Torsten Herbst

Schlechte Leistungsfähigkeit grenzüberschreitenden Schienenwege ist Belastung für Sachsen

Lediglich 49 Prozent der grenzüberschreitenden Schienenstrecken in Sachsen sind elektrifiziert, 63 Prozent sind nur eingleisig. Das antwortete die Bundesregierung auf die Kleine Anfrage der FDP-Bundestagsfraktion über den Zustand der grenzübergreifenden Schieneninfrastruktur in Deutschland.
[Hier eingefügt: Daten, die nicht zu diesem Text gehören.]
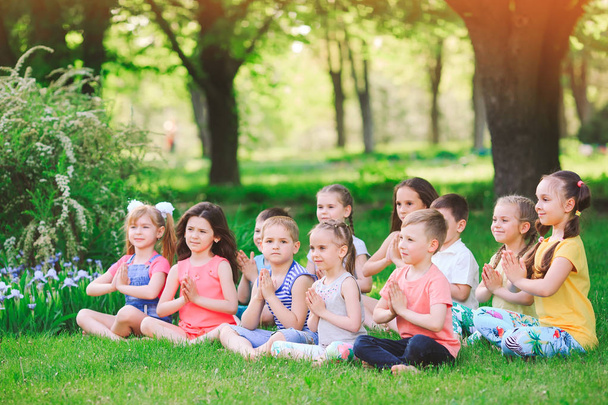 Un gran grupo de niños dedicados al yoga en el Parque sentados sobre la hierba
 - Foto, imagen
Dazu erklärt der sächsische FDP-Bundestagsabgeordnete und Obmann im Verkehrsausschuss, Torsten Herbst:

„Die Schieneninfrastruktur nach Polen und Tschechien ist in einem überwiegend beklagenswerten Zustand. Im Unterschied zu grenzüberschreitenden Eisenbahnstrecken in Westdeutschland ist die Leistungsfähigkeit der Schienenwege von Sachsen nach Osten und Süden reichlich vernachlässigt. Kennzeichen sind niedrige Höchstgeschwindigkeiten, teils fehlende Elektrifizierung, häufige Eingleisigkeit und keinerlei Digitalisierung. Nur mit einer Modernisierungsoffensive wird es gelingen, die Schiene attraktiver für Reisende und den Güterverkehr zu machen. Gegenüber Polen hatte sich Deutschland bereits 2003 in einem Abkommen verpflichtet, die Strecke von Dresden bis zur Grenze bei Görlitz zu elektrifizieren – passiert ist bis heute nichts.   
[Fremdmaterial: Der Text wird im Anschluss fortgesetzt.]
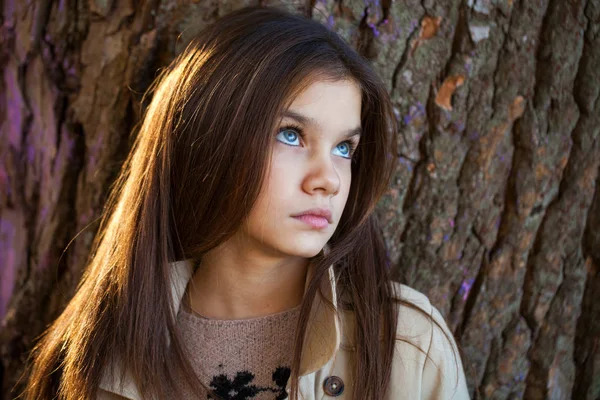 Happy young little girl in beige coat — Stockfoto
Die schlechte grenzüberschreitende Schieneninfrastruktur trägt mit dazu bei, dass es durch das hohe LKW-Aufkommen  immer häufiger zum Verkehrskollaps auf der A4 kommt. Allein das Transportvolumen der Bahn-Frachttochter DB Cargo ist in den letzten zehn Jahren auf den grenzübergreifenden Strecken nach Polen und Tschechien um mehr als 60 Prozent zurückgegangen. Diese Güter werden heute auf Lkws verladen.

Die Fahrgastzahlen im Nahverkehr zeigen außerdem, dass grenzübergreifende Verbindungen von Sachsen nach Polen und Tschechien stark nachgefragt werden. Allein die Grenzstationen in Schöna und Sebnitz wurden im Jahr 2017 von knapp 300.000 Passagieren frequentiert - eine immense Steigerung im Vergleich zu lediglich 6.000 Passagieren im Jahr 2007. 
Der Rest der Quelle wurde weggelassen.